I can say this is true of me as well. It is more odd, to explain, in myself however, considering my auxiliary function is introverted and therefore supposedly invisible. As a small child I could have been mistaken for an INXJ, easily. Now, my auxiliary function, I would say compliments my dominant function to a degree that I sometimes appear to use Ne, instead of Te+Ni (simultaneous). I have often been mistaken for a "Deep ESTJ". Whichever that indicates.


----------



## Simo (Feb 23, 2011)

Sungiant said:


> Now, my auxiliary function, I would say compliments my dominant function to a degree that I sometimes appear to use Ne, instead of Te+Ni (simultaneous).


Could you please elaborate? Do you mean a combination of Te dominant and Ni auxiliary appears as Ne? How? I am interested to know more about this. 

Thanks!


----------



## Sungiant (Mar 31, 2011)

> Could you please elaborate? Do you mean a combination of Te dominant and Ni auxiliary appears as Ne? How? I am interested to know more about this.


I do not think it "appears" as Ne, but I think if you do not understand the cognitive functions completely in depth, it is easy to mistake. I use Te to order Ni, so I extend Ni outward from myself into the world using Te. I can follow multiple paths at the same time, I can relate it with the outside world because Te is an objective function, and Se is my tertiary. When I describe this to people I am often assumed to be using Te and Ne (ESTJ), when really I am using Te to work with Ni (ENTJ). I can tell the difference by the way my mind behaves without external input, or without the necessity for me to interact with the external world. Like the rest of it, cognitive functions are preferences. I prefer to use Ni, therefore I am Ni auxiliary.


----------



## Simo (Feb 23, 2011)

Tridentus said:


> remember being 3 years old and being enthusiastic at maths where my friend found it pointless and was bad.


I always hated math (except for geometry) and was bad at it in spite of being an INTP.


----------



## Up and Away (Mar 5, 2011)

spiked-essays | Essay | The myth of 'infant determinism'

I think they are calling infant determinism a myth because what happens to us in our first couple years might not effect our IQ, Socioeconomicstatus, are stability, etc...

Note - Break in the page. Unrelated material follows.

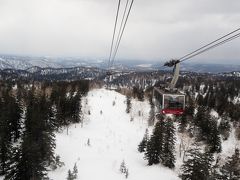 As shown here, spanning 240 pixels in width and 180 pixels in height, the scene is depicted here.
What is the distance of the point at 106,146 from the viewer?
6147 centimetres

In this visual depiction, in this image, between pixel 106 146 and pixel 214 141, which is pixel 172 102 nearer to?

But I think it most certainly effects our personality.


----------



## Perseus (Mar 7, 2009)

justcritic;Informative
Negative
Thinking
Picky
:)[/QUOTE said:


> This sounds like an INTJ (or an INTP putting down another INTP)


----------



## nevermore (Oct 1, 2010)

Perseus said:


> This sounds like an INTJ (or an INTP putting down another INTP)


INTP's are the informative NT's. INTJ's are the directive NT's. Thinkers are often negative, and they, well, tend to think. And Ti dominance is nitpickiness incarnate...

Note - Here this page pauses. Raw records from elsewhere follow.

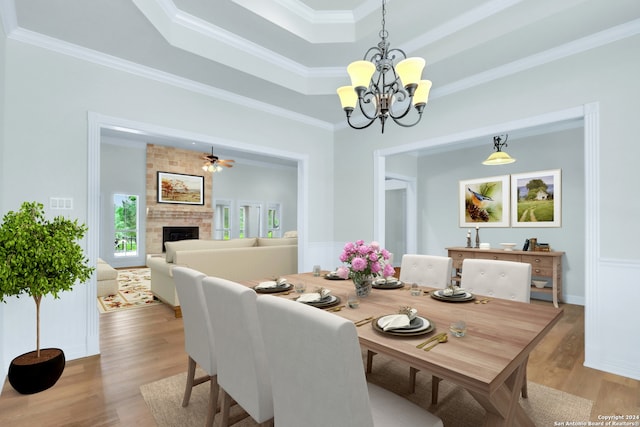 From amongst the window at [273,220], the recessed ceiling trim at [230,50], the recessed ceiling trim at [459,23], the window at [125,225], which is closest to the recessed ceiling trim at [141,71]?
the recessed ceiling trim at [230,50]

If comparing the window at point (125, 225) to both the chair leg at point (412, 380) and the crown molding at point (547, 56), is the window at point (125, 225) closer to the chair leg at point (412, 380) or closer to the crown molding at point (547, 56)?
the crown molding at point (547, 56)

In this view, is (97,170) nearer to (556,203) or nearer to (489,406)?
(489,406)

...which is why I wrote this post... o.o


----------



## Perseus (Mar 7, 2009)

*Judgement v Perception*



nevermore said:


> INTP's are the informative NT's. INTJ's are the directive NT's. Thinkers are often negative, and they, well, tend to think. And Ti dominance is nitpickiness incarnate...
> 
> ...which is why I wrote this post... o.o


I agree with your observations but not your conclusions. There is no reason why thinking should be reductionist (=negative). Sometimes it is, but most likely with an INTP it is not.


----------



## nevermore (Oct 1, 2010)

Perseus said:


> I agree with your observations but not your conclusions. There is no reason why thinking should be reductionist (=negative). Sometimes it is, but most likely with an INTP it is not.


By negative I meant "critical", not reductionist.

"Negative" is a word Feeling types may use to describe Thinkers because of Thinking's critical nature. It examines everything (if left to its own devices) regardless of what others may feel. So it _appears_ "negative" or adversarial, but from an INTP's point of view it's just doing its job and examining everything logically, giving privilege to nothing (though an individual INTP might and override the T function in specific situations).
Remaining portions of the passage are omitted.